Instructions to follow -
From the entries, copy every line that carries the string "Couple".

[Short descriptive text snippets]
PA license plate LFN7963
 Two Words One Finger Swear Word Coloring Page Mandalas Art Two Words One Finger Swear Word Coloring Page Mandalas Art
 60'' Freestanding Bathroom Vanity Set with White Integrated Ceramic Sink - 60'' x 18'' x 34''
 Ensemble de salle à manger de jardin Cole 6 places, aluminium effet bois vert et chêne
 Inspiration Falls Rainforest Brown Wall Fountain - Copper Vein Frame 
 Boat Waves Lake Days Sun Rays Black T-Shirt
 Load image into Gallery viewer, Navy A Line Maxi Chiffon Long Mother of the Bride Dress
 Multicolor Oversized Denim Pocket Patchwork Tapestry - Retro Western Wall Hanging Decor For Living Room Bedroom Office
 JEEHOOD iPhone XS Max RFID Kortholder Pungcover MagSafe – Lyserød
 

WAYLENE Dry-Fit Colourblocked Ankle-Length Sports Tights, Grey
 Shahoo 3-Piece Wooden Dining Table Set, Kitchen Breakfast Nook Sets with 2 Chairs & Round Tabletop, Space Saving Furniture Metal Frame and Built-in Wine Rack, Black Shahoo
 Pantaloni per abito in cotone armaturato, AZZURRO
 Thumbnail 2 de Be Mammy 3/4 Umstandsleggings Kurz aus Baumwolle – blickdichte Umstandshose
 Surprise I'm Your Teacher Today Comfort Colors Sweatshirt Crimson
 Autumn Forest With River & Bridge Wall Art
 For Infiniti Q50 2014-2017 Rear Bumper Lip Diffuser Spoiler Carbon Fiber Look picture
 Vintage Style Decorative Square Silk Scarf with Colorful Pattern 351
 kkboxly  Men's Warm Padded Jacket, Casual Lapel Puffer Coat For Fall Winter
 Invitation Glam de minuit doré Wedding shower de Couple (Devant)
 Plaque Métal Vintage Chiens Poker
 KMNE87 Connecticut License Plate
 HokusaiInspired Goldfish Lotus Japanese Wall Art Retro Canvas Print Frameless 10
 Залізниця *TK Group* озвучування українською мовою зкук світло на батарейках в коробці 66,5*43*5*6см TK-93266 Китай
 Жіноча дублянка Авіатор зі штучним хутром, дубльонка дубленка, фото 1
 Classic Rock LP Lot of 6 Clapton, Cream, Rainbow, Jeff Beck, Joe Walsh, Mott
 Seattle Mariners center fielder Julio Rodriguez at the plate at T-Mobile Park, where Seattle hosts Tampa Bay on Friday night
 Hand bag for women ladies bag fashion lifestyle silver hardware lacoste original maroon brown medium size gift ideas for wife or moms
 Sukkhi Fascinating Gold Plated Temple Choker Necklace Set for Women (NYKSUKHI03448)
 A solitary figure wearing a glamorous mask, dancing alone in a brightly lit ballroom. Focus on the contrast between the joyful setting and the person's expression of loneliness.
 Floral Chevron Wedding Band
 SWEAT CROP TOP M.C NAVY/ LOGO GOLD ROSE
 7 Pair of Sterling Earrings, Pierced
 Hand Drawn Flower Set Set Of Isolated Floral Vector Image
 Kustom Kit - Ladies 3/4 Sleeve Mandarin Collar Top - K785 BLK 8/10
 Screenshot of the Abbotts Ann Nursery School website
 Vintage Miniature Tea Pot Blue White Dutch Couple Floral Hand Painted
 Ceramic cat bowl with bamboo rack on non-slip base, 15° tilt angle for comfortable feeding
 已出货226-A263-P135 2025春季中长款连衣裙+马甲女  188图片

Solution for this task -
 Invitation Glam de minuit doré Wedding shower de Couple (Devant)
 Vintage Miniature Tea Pot Blue White Dutch Couple Floral Hand Painted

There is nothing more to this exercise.